Successes by traditionalists in Church of England General Synod elections mean they could force changes in legislation to introduce women bishops.
Traditionalists claim they have more seats on the synod, and could insist on the provision of male alternative bishops on terms acceptable to them.
The synod has already decided that women bishops should be allowed.
But the change will need a two-thirds majority in each of its three houses – bishops, clergy and lay people.
It failed to gain that level of support in the house of laity in the previous synod, and traditionalists opposed to it claim to have even more support now,. BBC religious correspondent Robert Pigott reports.
Traditionalists say they will need only a handful of additional votes to make sure future women bishops are bound by legally enforceable rules governing how they deal with clergy and parishes unwilling to serve under them.

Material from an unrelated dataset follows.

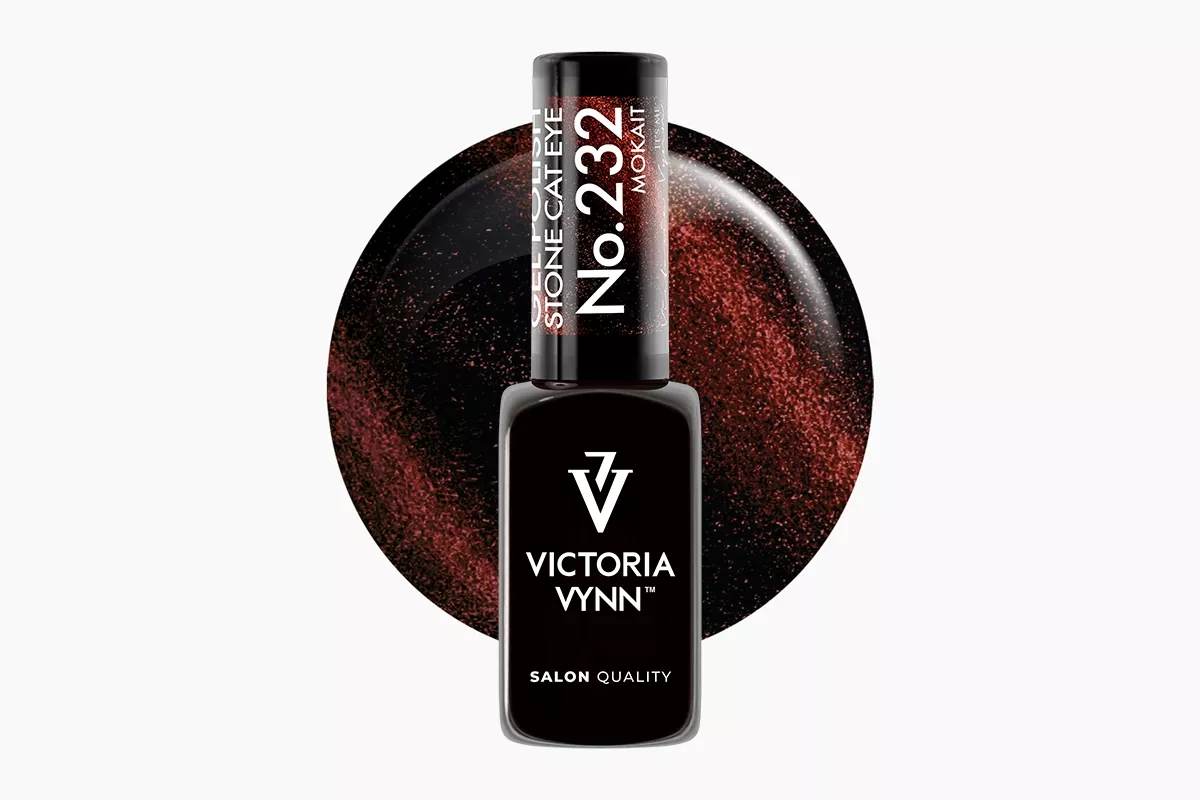 Lakier hybrydowy Victoria Vynn Gel Polish Cat Eye No. 232 Mokait Stone 8 ml - ciemny fiolet ze śliwkowym tonem i magnetyczną smugą cat eye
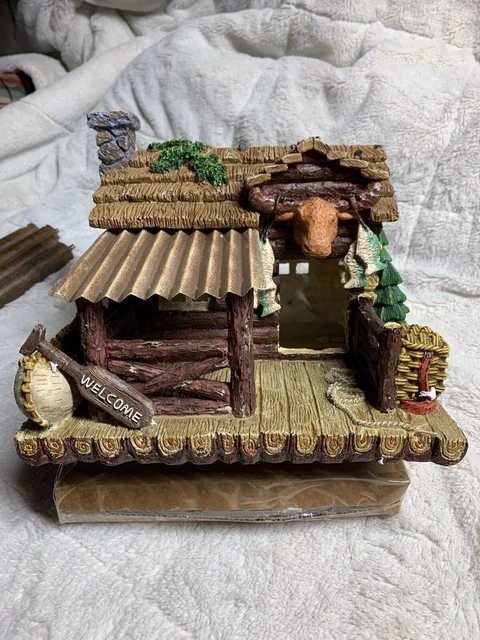 Birds Getaway Moose Cabin Rustic Lodge Resin Birdhouse On Stand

Liberal groups, who have acknowledged privately that they probably have not made the electoral gains they were looking for, claim such rules would make women second class bishops.
In deciding that women bishops should be allowed, the synod gave minimal concessions to traditionalist Anglicans who opposed the move.
They had sought to be in the care of a male alternative bishop on terms acceptable to them.
But the synod decided women bishops should be able to decide the identity and functions of any such bishop.
Members of the last General Synod decided in July that there was no need for further delay to the progress of a draft law allowing women to be made bishops.
The law must receive approval from a majority of the Church’s 44 diocesan synods, before returning to the General Synod. If it does win its two-thirds majorities in the three houses it must then get parliamentary approval and Royal Assent.